• **What is expected**
Count the lines below that include "Dress". Only the number should be given.

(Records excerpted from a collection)
'''

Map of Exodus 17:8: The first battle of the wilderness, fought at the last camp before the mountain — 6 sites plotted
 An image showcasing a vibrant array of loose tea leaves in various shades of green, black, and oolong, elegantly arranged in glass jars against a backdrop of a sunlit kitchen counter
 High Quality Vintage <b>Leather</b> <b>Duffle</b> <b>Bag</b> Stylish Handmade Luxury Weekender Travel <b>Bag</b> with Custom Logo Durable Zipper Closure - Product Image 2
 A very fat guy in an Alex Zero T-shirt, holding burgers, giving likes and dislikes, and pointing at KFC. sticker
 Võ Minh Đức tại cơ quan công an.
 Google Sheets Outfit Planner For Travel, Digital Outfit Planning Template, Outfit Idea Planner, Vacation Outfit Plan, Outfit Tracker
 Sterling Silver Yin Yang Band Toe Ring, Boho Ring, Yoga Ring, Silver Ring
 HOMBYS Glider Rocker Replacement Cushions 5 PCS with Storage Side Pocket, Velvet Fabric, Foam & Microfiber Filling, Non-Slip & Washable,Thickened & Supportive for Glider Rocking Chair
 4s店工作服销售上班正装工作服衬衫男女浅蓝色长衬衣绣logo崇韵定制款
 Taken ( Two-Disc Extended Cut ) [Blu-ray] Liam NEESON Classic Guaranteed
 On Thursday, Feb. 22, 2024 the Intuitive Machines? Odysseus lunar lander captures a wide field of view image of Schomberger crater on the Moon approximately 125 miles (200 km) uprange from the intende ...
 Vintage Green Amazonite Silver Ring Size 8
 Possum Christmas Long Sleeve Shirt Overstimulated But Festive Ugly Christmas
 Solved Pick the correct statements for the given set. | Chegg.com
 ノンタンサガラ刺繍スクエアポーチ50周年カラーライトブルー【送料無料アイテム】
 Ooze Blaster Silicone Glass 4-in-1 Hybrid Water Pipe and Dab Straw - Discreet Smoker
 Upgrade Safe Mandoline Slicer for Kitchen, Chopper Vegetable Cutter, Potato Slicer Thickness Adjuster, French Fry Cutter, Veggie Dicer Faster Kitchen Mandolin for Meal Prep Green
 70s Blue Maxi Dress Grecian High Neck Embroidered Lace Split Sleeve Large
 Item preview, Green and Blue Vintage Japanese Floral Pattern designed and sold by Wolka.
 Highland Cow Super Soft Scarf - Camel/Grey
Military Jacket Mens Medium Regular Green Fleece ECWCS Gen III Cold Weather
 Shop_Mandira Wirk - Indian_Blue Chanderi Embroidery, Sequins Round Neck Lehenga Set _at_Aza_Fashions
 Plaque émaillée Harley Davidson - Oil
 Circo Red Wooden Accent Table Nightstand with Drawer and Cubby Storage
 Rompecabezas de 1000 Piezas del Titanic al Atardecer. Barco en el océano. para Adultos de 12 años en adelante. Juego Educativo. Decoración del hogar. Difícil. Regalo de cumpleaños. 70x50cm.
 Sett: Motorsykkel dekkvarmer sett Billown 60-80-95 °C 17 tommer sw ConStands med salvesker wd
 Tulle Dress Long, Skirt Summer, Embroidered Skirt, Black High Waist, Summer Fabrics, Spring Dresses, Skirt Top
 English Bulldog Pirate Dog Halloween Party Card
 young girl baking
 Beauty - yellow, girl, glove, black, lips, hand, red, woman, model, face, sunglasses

'''

• **Answer to the problem**
2